【ソウル16日聯合ニュース】政府は米国に続き欧州連合(EU)とも、自動車の燃費や温室効果ガス(CO2)排出基準をめぐる交渉を近く開始する予定で、欧州自動車には例外を認めながらも、米国車よりも厳しい基準を適用する方針だ。
 外交通商部の金宗フン(キム・ジョンフン)通商交渉本部長が16日、聯合ニュースのインタビューで明らかにした。
 政府は2015年までに自動車燃費を1リットル当たり17キロメートル、温室効果ガス排出基準を1キロメートル当たり140グラムに強化する方針を打ち出したが、今月初旬に締結した韓米自由貿易協定(FTA)追加交渉では、米国車に政府基準より19%緩和した数値を適用することで合意している。
 金本部長は、韓国では欧州車の販売数が米国車より多いため、燃費や排気ガスの適用基準を米国車より厳しくすることが、小規模販売業者に対する基準緩和の正当性を損なわない方法だとの考えを示した。ただ、具体的な基準は明らかにせず、「業界の主張をうのみすることはできない。政府が判断し双方が協議すれば、折り合いはつけられるだろう」と述べた。
 また、EUとの燃費・排気ガス排出基準をめぐる交渉は、FTAとは別の問題だと述べた。EUが韓米FTAの結果を踏まえ、FTAの追加交渉を求める可能性は低く、これまで問題が提起されたこともないと説明した。韓国とEU間のFTAは、10月に正式署名された。EUとのFTAに関する議会の批准同意については、欧州議会は動きが韓国国会より速く、来年2月までに批准同意を終えるとしていると伝えた。
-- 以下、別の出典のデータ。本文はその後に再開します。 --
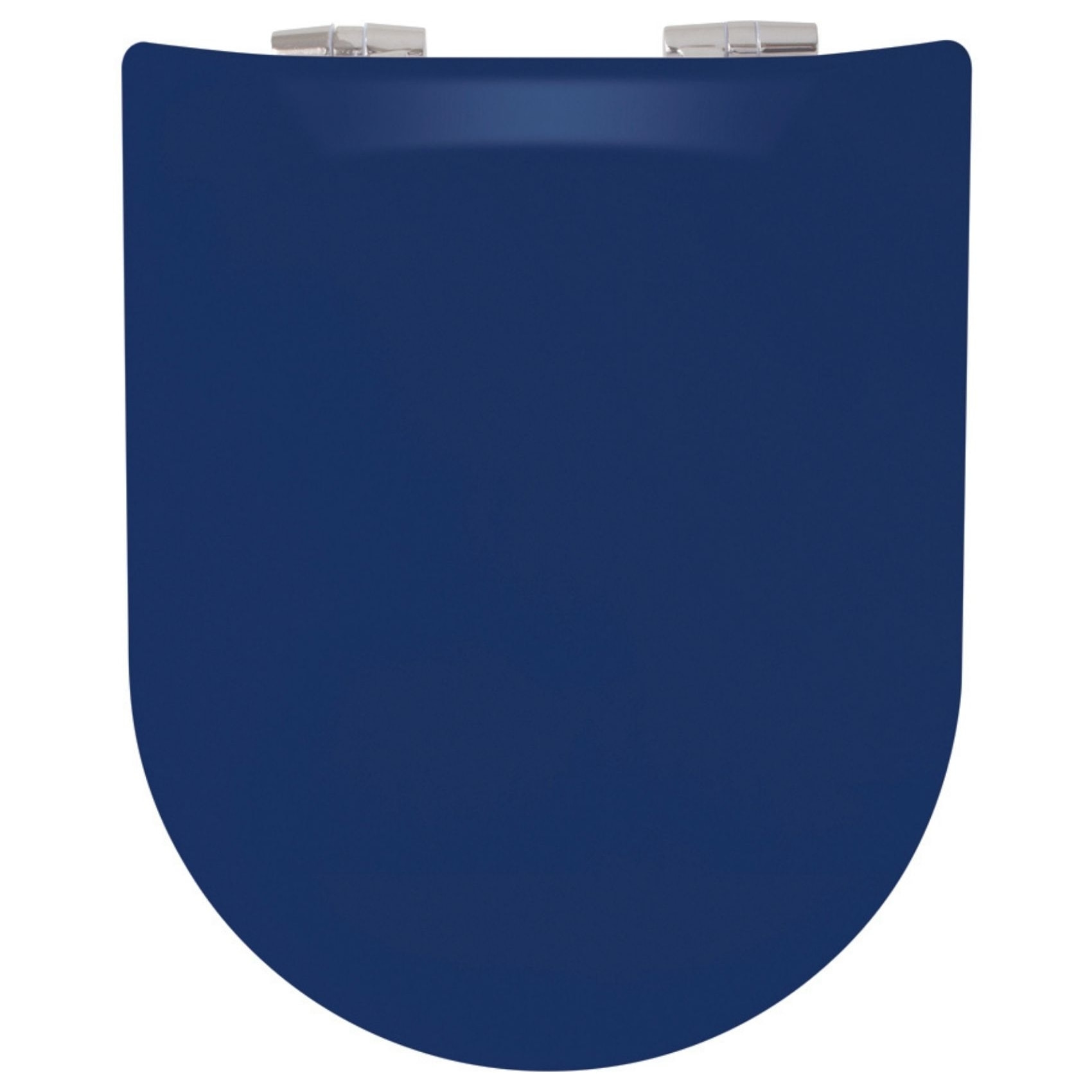 Abattant uni wood slim double avec descente assistée - Bleu Roi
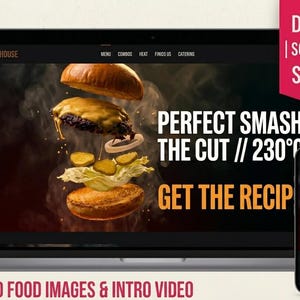 Restaurant Website Template | Dark Burger Bar Theme with Scroll Animations | Responsive Cafe Landing Page | Instant Download Source Code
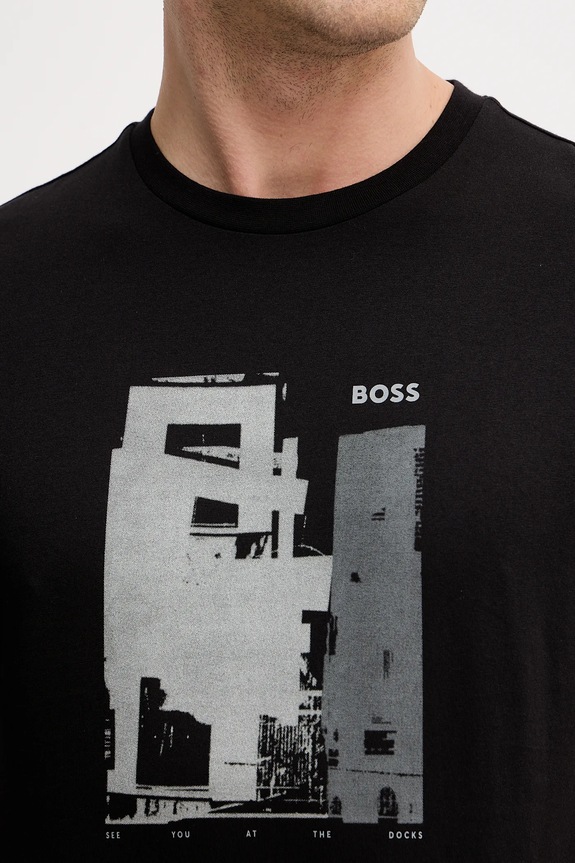 BOSS Orange pamut póló Te_Imprint 50556007 fekete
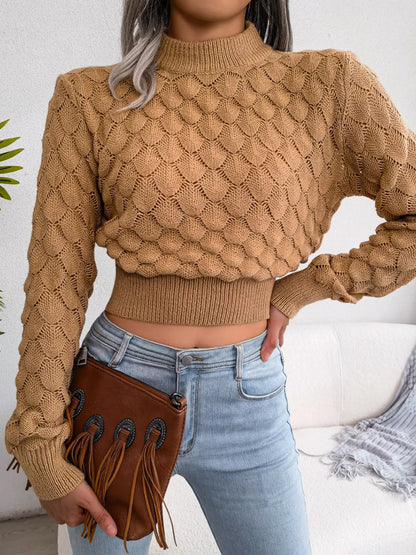 Mock Neck Textured Cropped Sweater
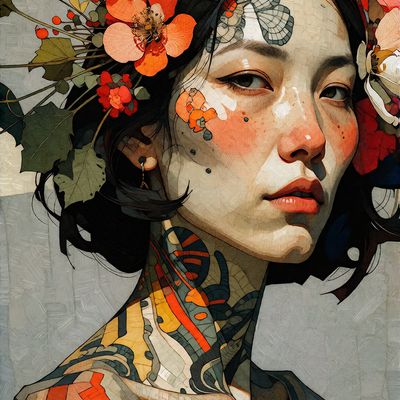 Tattooed Woman with Floral Headpiece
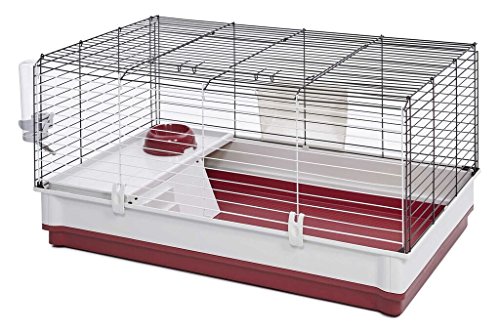 Book Cover MidWest Homes for Pets 158 Wabbitat Deluxe Rabbit Home, Rabbit Cage, 39.5 L x 23.75 W x 19.75 H Inch, Maroon/White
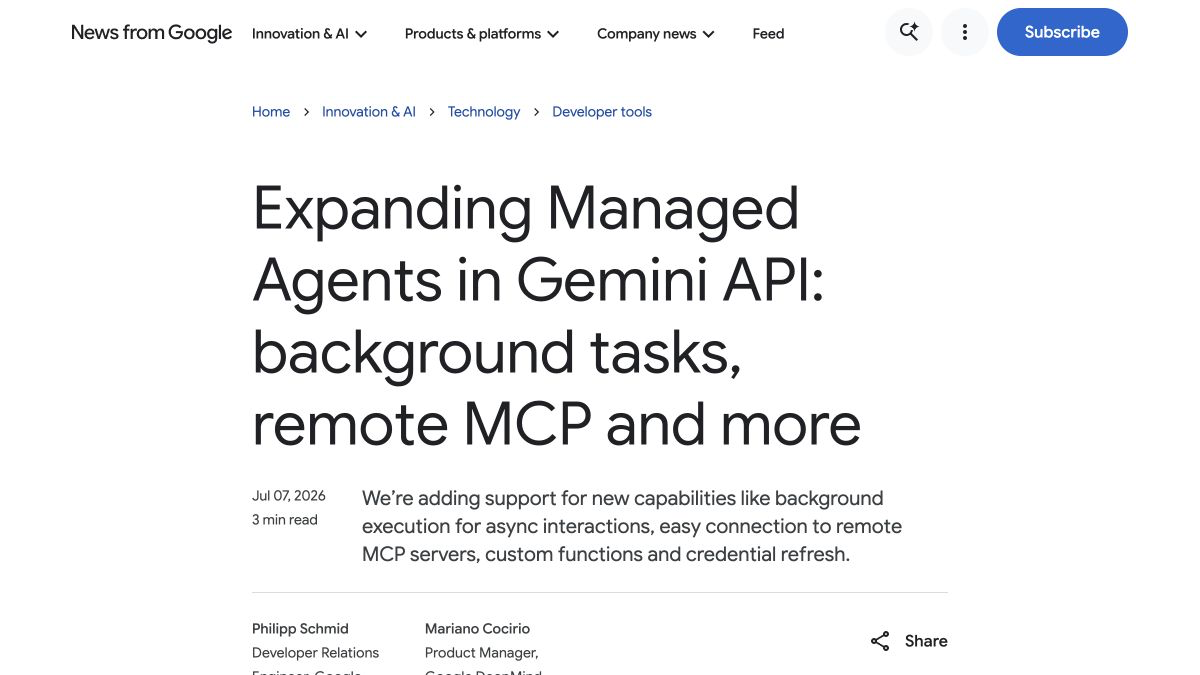 Скриншот анонса Managed Agents в Gemini API на сайте Google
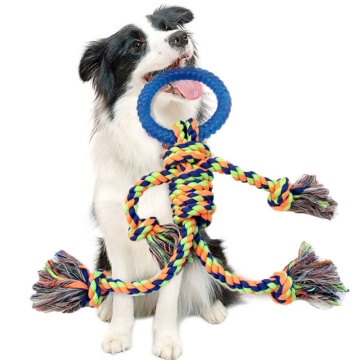Wholesale Dog Interactive Cotton Rope With TPR Chew Toy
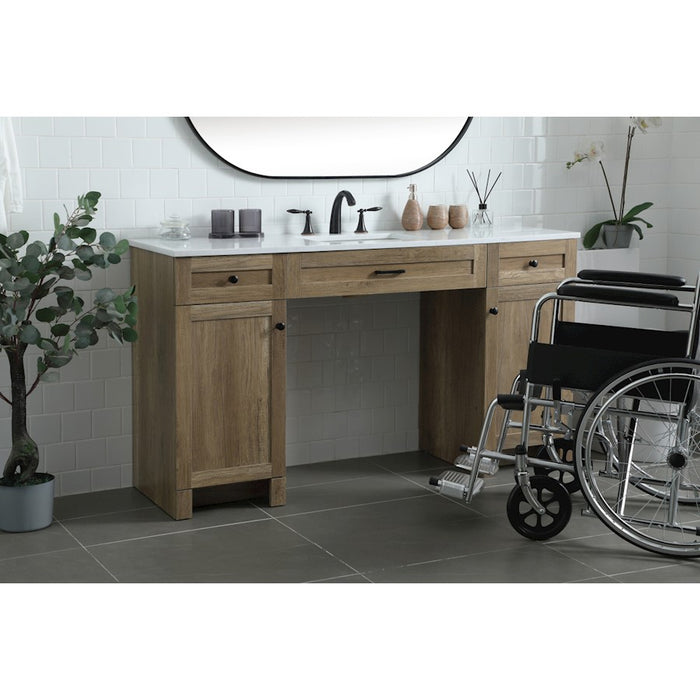 Elegant Lighting Cooper 60"L Bathroom Vanity, Natural Oak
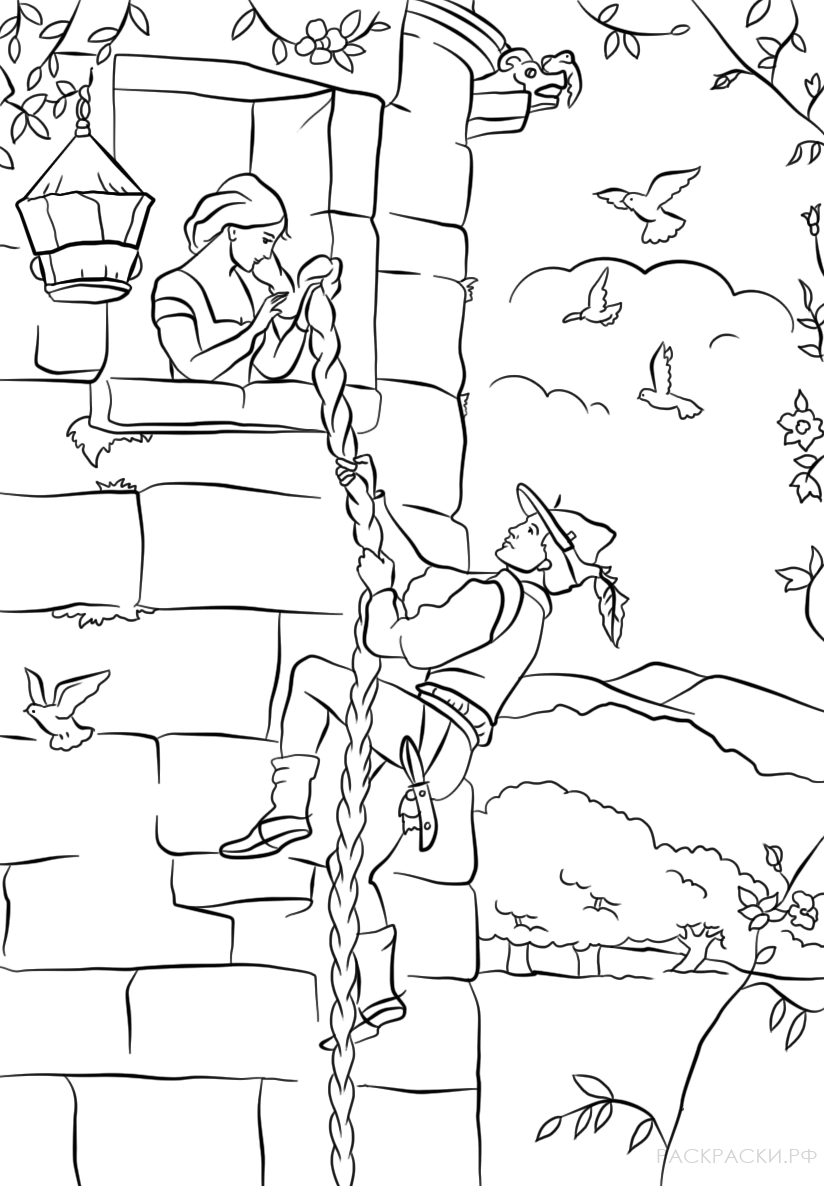 Раскраска Принц карабкается в башню Рапунцель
 韓米FTAの追加交渉に関しては、3年6か月間の漂流を経て、座礁や難破するよりも、早期発効が中長期的な国益の実現に有利と判断して進めたものだと説明した。年内に合意内容の文書化を完了させる方針で、近く米国で協議する予定だと明らかにした。
 また、米国政府は韓米FTA履行法を来年初めに議会に提出し、上半期(1~6月)中に批准するとの見方を示した。2007年に韓米がFTAに署名した後、米国議会の早期批准を誘導するため韓国が先に批准同意に着手したのとは異なり、今回は米国側の批准過程を見極めながら、韓国国会の批准を進める方針であることを示唆したものとみられる。
 そのうえで、FTAに関連する業界と商工人らは、どの程度であれば十分な競争が可能で、プラスに活用できるというような意志表現を積極的にしていると伝え、政界もそうした声に耳を傾けるべきだとし、国会の早期批准を促した。
 韓米FTA交渉は自動車分野で韓国が米国側に譲歩したとの指摘には、韓米間の自動車貿易の不均衡などに言及。韓国車が米国で好調を維持し、米国側の不満が高まる段階にきていると説明し、「米国側に譲歩したようにみられるが、長期的には好調を維持できる基盤を築き上げた
」と強調した。
 米国産牛肉の輸入問題に関しては、交渉には応じないという韓国政府の立場は明確だと言明した。米国産牛肉に対する消費者の信頼が回復したと判断できる根拠はまだないと、改めて強調した。
 今後のFTA推進については、農業分野に懸念を示した。韓国が貿易を続け海外市場を確保するため、FTAの締結を継続しなければならないとすれば、農業競争力の強化案について政府と国民が知恵を絞るべきだと指摘した。